兩人在電話裡聊了聊,簡單說了說把魔童還給白淩川的事。
儘管老爸說老媽大概率不會一起回家,但江夏還是在電話裡提了這件事。
結果和江父預料的一樣,電話中,江母說她現在還不能突然離開神殿,可能還需要過幾天。
她讓江夏不用擔心她的安危,說她在神殿殿主身邊,身旁還有另外一個六覺,在安全程度上,可比絕大部分的覺醒者要安全的多。
不能回家的理由,江母也簡單說了說——
她也挺想回家,相比神殿這些亂七八糟的事,自然是孩子家人對她更重要。
可她現在待在神殿殿主身邊,也算是一個身份很特殊的神殿成員。
她不可能想來就來,想走就走,自由自在。
江夏挺著急,也很擔憂。
可他設身處地的想了一下,以老媽現在在神殿殿主身邊的身份,應該絕對算得上親信中的親信。
這的確不是想待就待,想走就立馬走。
即便神殿殿主同意她走,也不可能剛說完立馬就能走,也得有個過渡。
他答應了老媽暫時留在神殿的事,但約定這幾天如果有機會一定要見一麵。
他需要和老媽當麵談談有關神殿的事。
並非是想讓老媽出賣神殿的機密,而是他需要了解老媽在神殿的狀況。
現在對老媽的狀況不清不楚,隻知道她在神殿殿主身邊,其他的什麼都不知道,誰能放心得了?

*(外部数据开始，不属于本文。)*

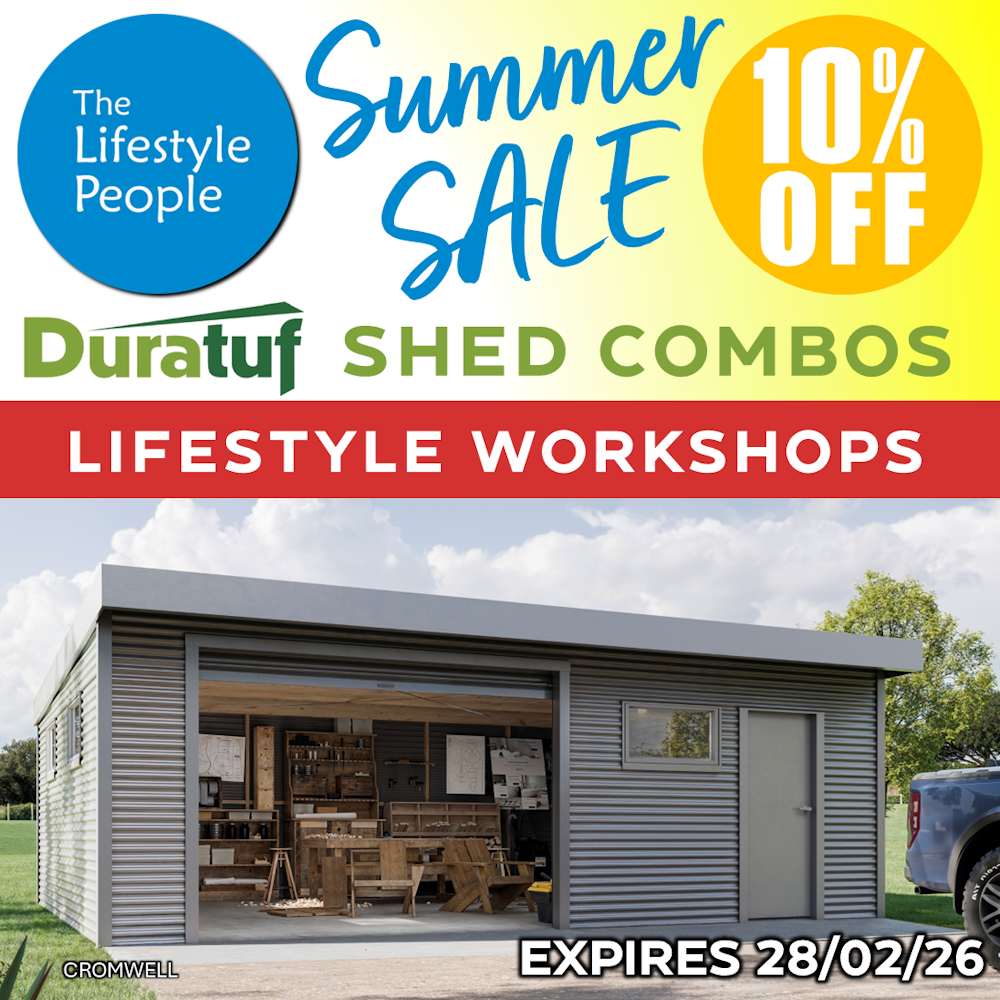 Duratuf Lifestyle CROMWELL Workshop STANDARD - 7.2m x 6.0m (Colour Finish)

電話中,江母讓江夏他們先安全回去江北省,她保證,不管遇到什麼事,她都不會去冒險,會待在神殿殿主身邊。
而且她也保證,五天之內,她一定會回去江北省和他們見麵。
得到老媽肯定的答複,掛斷電話,江夏又把目光對準沙發上,書包裡探出個腦袋的血喉。
血喉眼珠子直轉溜,他又怎麼不清楚這個團隊的想法?
鬣窩和覺醒者勾搭的事情他們弄清楚了,馬上就要回江北省老巢了,而知道這個團隊這麼多秘密的他,滅口對他們而言,是最好的。
“哥!”
血喉從書包鑽出來,噗通一聲跪在地上。
江夏已經習慣了血喉這樣的舉動:“不是,小猴子,我一句話沒說,你跪下來乾嘛?”
血喉兩隻手扣在胸前,眼淚巴巴:“哥,事情我明白,我知道你們隊伍這麼多秘密,殺了我滅口對你們最好!”
“但念在這兩天我沒有功勞也有苦勞的份上,就饒我一命吧!”
“我還有用,有大用,我可以幫助你們尋找覺醒者!”
江夏無奈道:“可你和我們待一起的這兩天,你也沒幫我們找到覺醒者。”
“有!有!今天晚上白淩川出現之前,我不就檢測到覺醒者能量了嗎?至少因為我的原因,你們知道附近有覺醒者強者,提前就做好了防備不是?”
這一點,江夏不可否認。
他蹲下來望著血喉:“你本質是個六次進化,暗中還有一個隨時可能救你的隊友,還知道我們隊伍這麼多秘密,當中每一條,你對我們的威脅都極大。”
“留著你,讓你幫我們找覺醒者,對我們來說風險太大,收益不成正比。”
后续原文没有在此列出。